EXERCISE AIM:
Once you reach the line holding "Shiny Calfskin Quilted Chanel 22 Light Green", write out that line and every later one exactly, ending with the last line of the data; write nothing else.

RECORDS SHOWN:
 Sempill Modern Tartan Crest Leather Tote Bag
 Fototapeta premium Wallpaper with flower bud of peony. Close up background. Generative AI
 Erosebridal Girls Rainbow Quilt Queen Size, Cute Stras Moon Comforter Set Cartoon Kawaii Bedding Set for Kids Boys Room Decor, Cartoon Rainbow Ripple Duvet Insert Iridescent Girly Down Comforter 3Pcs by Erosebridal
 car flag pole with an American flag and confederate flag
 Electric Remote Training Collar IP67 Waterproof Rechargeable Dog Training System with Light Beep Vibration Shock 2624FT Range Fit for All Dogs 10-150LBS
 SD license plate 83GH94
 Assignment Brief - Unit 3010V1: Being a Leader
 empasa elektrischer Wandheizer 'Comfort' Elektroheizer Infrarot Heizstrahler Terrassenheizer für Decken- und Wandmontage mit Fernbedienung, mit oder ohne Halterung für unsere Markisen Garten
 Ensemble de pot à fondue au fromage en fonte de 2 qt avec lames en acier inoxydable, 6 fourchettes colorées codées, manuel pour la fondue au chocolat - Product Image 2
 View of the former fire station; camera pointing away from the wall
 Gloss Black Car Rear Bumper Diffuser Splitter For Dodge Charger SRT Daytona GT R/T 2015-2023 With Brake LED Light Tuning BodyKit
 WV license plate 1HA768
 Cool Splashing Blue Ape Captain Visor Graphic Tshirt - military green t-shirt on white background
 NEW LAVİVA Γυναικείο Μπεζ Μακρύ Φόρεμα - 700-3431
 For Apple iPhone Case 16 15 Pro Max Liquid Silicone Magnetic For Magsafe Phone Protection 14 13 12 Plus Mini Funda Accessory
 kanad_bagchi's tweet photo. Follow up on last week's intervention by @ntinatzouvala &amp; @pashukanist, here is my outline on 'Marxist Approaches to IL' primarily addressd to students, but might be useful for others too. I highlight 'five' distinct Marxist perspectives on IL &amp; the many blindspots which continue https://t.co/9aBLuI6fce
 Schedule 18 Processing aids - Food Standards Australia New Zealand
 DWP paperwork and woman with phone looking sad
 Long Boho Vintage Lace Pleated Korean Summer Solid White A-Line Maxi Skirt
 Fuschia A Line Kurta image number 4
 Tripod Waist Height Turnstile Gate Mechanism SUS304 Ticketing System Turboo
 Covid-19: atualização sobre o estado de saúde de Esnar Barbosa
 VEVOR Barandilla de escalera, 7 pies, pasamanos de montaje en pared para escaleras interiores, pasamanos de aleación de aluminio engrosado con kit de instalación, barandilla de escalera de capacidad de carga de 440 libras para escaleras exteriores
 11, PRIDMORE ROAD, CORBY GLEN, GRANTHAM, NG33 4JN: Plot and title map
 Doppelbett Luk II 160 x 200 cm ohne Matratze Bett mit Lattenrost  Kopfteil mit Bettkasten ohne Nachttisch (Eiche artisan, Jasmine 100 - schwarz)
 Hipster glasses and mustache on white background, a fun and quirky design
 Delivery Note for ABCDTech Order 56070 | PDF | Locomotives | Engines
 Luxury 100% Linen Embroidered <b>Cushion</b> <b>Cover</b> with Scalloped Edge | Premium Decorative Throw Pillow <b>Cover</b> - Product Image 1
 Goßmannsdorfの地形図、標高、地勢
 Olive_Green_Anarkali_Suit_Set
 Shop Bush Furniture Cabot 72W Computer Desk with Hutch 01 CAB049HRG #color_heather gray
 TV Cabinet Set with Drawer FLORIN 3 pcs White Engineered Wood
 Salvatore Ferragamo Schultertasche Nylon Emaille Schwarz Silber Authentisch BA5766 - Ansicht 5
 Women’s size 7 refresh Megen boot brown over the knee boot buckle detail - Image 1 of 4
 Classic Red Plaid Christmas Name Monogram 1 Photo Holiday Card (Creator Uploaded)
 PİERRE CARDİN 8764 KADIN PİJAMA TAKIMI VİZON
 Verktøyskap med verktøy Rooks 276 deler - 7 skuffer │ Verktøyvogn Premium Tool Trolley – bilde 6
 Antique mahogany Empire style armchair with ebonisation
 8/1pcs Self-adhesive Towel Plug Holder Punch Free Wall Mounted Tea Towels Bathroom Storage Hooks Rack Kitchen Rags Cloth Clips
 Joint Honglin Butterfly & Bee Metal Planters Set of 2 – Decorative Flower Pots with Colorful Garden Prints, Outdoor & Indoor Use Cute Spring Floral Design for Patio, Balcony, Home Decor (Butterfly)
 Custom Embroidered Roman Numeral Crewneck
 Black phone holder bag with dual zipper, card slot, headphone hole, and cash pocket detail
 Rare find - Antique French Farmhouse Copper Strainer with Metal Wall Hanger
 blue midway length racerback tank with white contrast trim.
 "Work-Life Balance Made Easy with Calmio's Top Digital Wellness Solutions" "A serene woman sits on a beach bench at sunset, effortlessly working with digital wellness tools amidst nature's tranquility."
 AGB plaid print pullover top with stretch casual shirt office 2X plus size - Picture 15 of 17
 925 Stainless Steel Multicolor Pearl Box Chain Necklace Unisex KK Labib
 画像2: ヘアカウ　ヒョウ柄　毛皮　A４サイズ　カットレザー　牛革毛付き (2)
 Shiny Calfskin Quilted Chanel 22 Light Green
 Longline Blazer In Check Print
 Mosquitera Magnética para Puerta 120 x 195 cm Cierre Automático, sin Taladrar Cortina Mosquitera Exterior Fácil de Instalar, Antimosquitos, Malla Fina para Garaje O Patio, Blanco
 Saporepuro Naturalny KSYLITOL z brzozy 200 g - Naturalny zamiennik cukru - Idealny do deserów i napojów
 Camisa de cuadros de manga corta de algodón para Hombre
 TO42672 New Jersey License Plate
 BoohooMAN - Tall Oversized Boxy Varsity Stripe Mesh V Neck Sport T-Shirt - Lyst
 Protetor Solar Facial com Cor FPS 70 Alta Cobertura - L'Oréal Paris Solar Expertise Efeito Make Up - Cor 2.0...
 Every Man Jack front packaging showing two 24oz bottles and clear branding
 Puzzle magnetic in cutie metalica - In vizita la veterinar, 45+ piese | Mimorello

ANSWER FOR THE TASK:
 Shiny Calfskin Quilted Chanel 22 Light Green
 Longline Blazer In Check Print
 Mosquitera Magnética para Puerta 120 x 195 cm Cierre Automático, sin Taladrar Cortina Mosquitera Exterior Fácil de Instalar, Antimosquitos, Malla Fina para Garaje O Patio, Blanco
 Saporepuro Naturalny KSYLITOL z brzozy 200 g - Naturalny zamiennik cukru - Idealny do deserów i napojów
 Camisa de cuadros de manga corta de algodón para Hombre
 TO42672 New Jersey License Plate
 BoohooMAN - Tall Oversized Boxy Varsity Stripe Mesh V Neck Sport T-Shirt - Lyst
 Protetor Solar Facial com Cor FPS 70 Alta Cobertura - L'Oréal Paris Solar Expertise Efeito Make Up - Cor 2.0...
 Every Man Jack front packaging showing two 24oz bottles and clear branding
 Puzzle magnetic in cutie metalica - In vizita la veterinar, 45+ piese | Mimorello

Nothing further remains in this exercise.